* _Requirement_: Find the line containing "luxury designer bracelet" in the listing below; reproduce it and every line after, exactly. Skip pictures.

* _Raw data_:
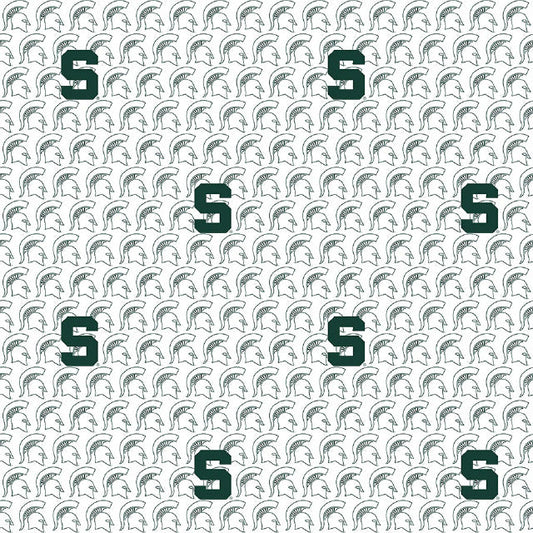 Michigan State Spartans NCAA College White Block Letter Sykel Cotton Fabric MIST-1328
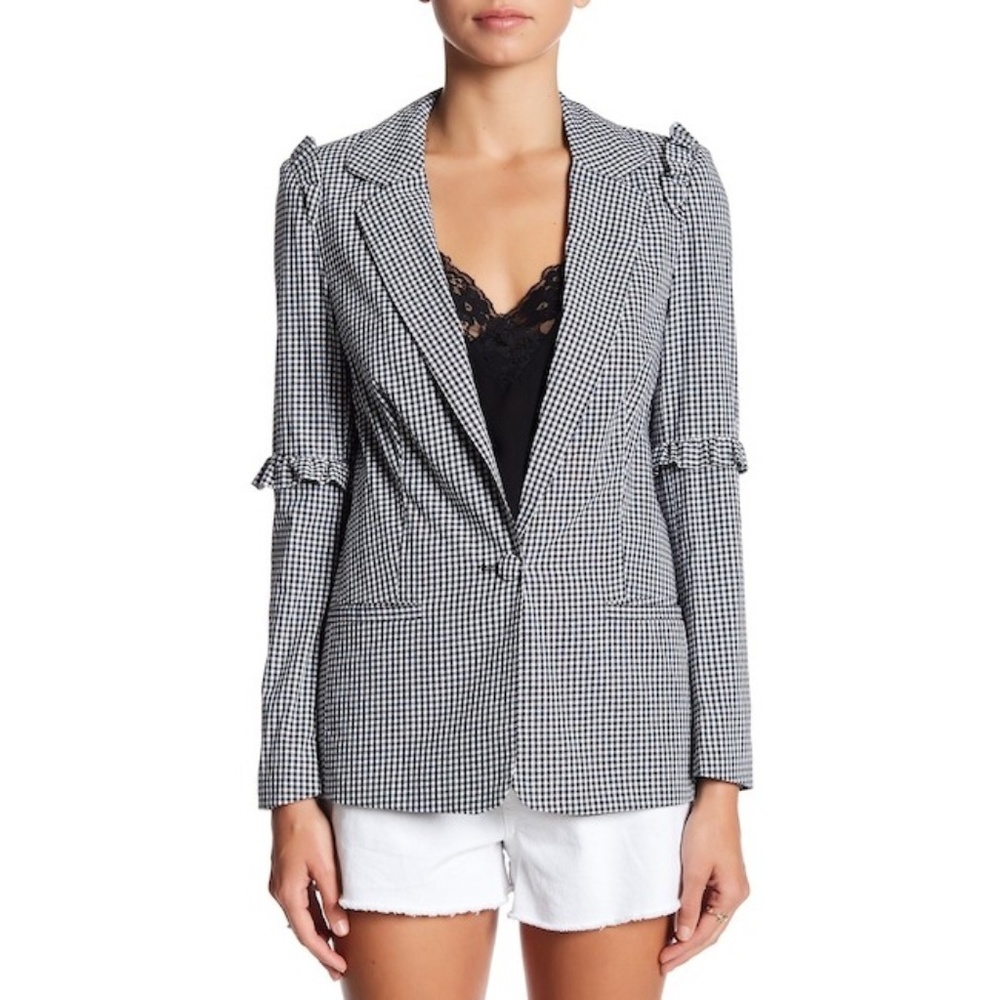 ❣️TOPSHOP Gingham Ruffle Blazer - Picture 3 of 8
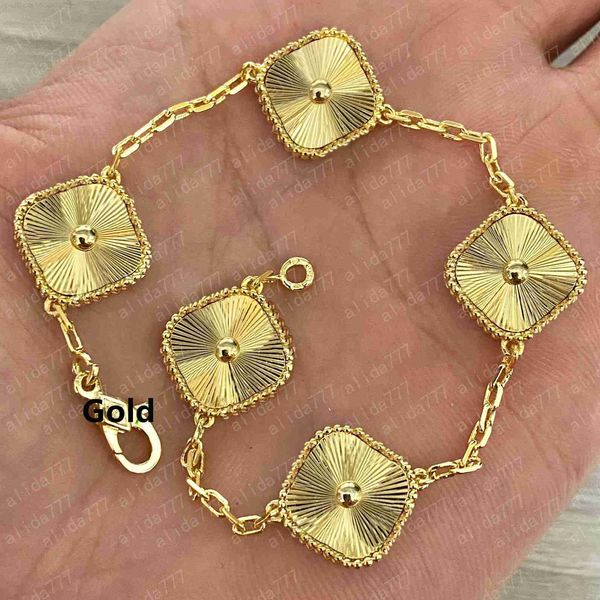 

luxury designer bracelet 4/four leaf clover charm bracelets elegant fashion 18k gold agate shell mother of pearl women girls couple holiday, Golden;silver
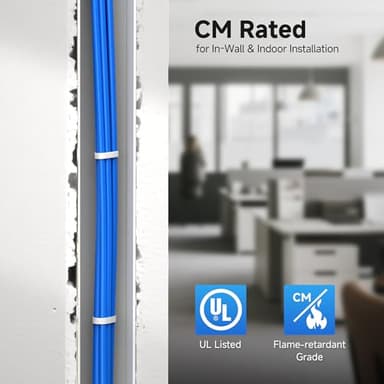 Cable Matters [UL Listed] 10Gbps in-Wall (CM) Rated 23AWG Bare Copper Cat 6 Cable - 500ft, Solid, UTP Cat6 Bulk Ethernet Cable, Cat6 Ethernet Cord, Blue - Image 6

* _Result_:
luxury designer bracelet 4/four leaf clover charm bracelets elegant fashion 18k gold agate shell mother of pearl women girls couple holiday, Golden;silver
 Cable Matters [UL Listed] 10Gbps in-Wall (CM) Rated 23AWG Bare Copper Cat 6 Cable - 500ft, Solid, UTP Cat6 Bulk Ethernet Cable, Cat6 Ethernet Cord, Blue - Image 6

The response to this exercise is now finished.